Given the realities of the natural gas market in the Northeast, and the Appalachian Basin’s role in redirecting the flow of natural gas across the country (see Shale Daily, March 12), some at NAPE East said state lawmakers should be considering a mutually beneficial royalty arrangement for landowners and producers. Kenneth Komoroski, an attorney at Morgan, Lewis & Bockius LLP suggested a deal in which producers and landowners equally share post-production costs.

“I don’t think anyone really fully appreciates the magnitude of how the marketing aspect has changed,” said Pennsylvania-native Tom Bartos, CFO of privately-owned Abarta Energy, which has ownership interests in 115 Marcellus Shale wells with major producers. “We now have to find a home for the dry gas, the y-grade and then the ethane takeaway is an issue. The whole gas marketing arena has had a big change over the last couple years because if you don’t have a market, you curtail or shut-in production. It’s much more complicated and much more costly.”

Still, Bartos said landowners were growing more knowledgeable about royalty arrangements and getting savvier in negotiating deals with producers. He added that it was incumbent upon the oil and gas industry to continue dealing with them in a “very ethical way” because “the last thing you want to see in this industry is some bad blood and a bad reputation.”

As a comparison, royalties on federal land are paid based on the point of first sale, with deductions allowed for transportation to get it there, plus processing to take out the natural gas liquids (NGL).
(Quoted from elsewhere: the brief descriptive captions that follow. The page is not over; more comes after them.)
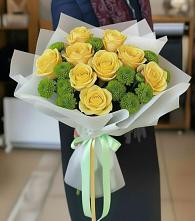 Букет цветов из:  Хризантемы и Розы в Средней Елюзани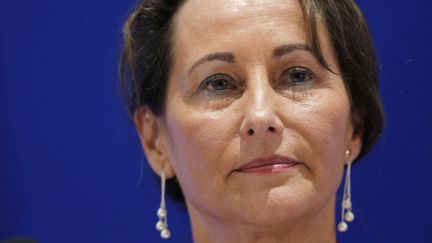 La ministre de l'Ecologie, S&eacute;gol&egrave;ne Royal, lors d'une conf&eacute;rence de presse au minist&egrave;re de l'Ecologie, &agrave; Paris, le 25 avril 2014. (FRANCOIS GUILLOT / AFP)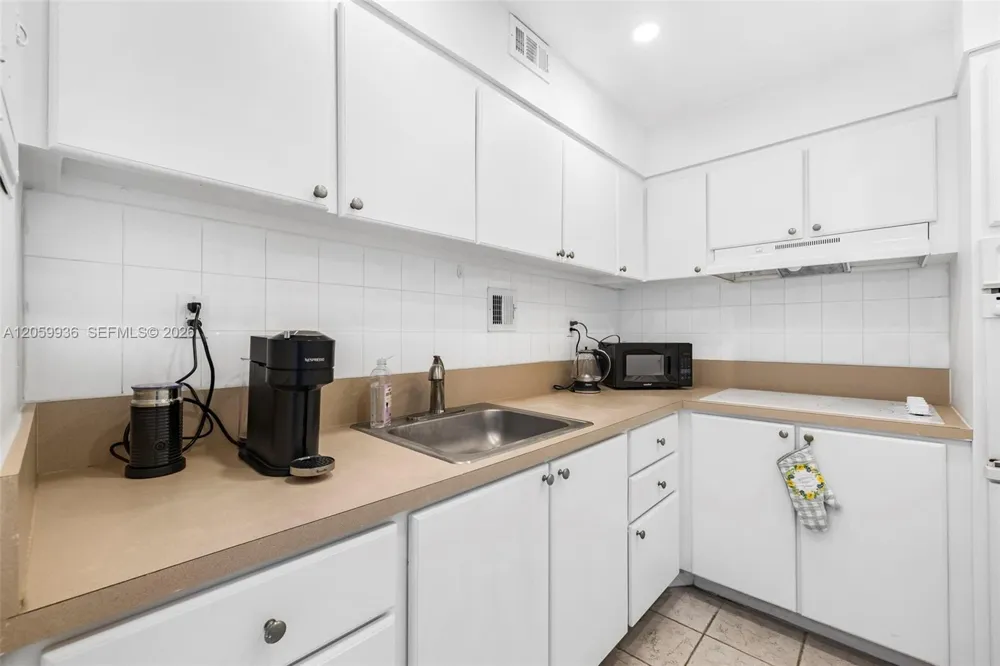 1200 West Ave #1419 Miami Beach, FL 33139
Royalties on the sale of the NGLs are also included in the overall sales price. Deductions are not allowed for wellhead activities to put the gas into marketable condition or for gathering costs from the lease or in the field.

Transportation costs on major laterals or mainlines to the point of sale are deductible. Marketing costs are not. There are also caps on the percent of the proceeds. However, a Bureau of Land Management (BLM) spokesperson said federal rules are still evolving and it often works out on a case-by-case basis because of the many caveats in the federal rules, plus differences in contracts and the types and qualities of the gas and its location. States in which the gas is produced receive 50% of the royalties collected on federal lands by BLM.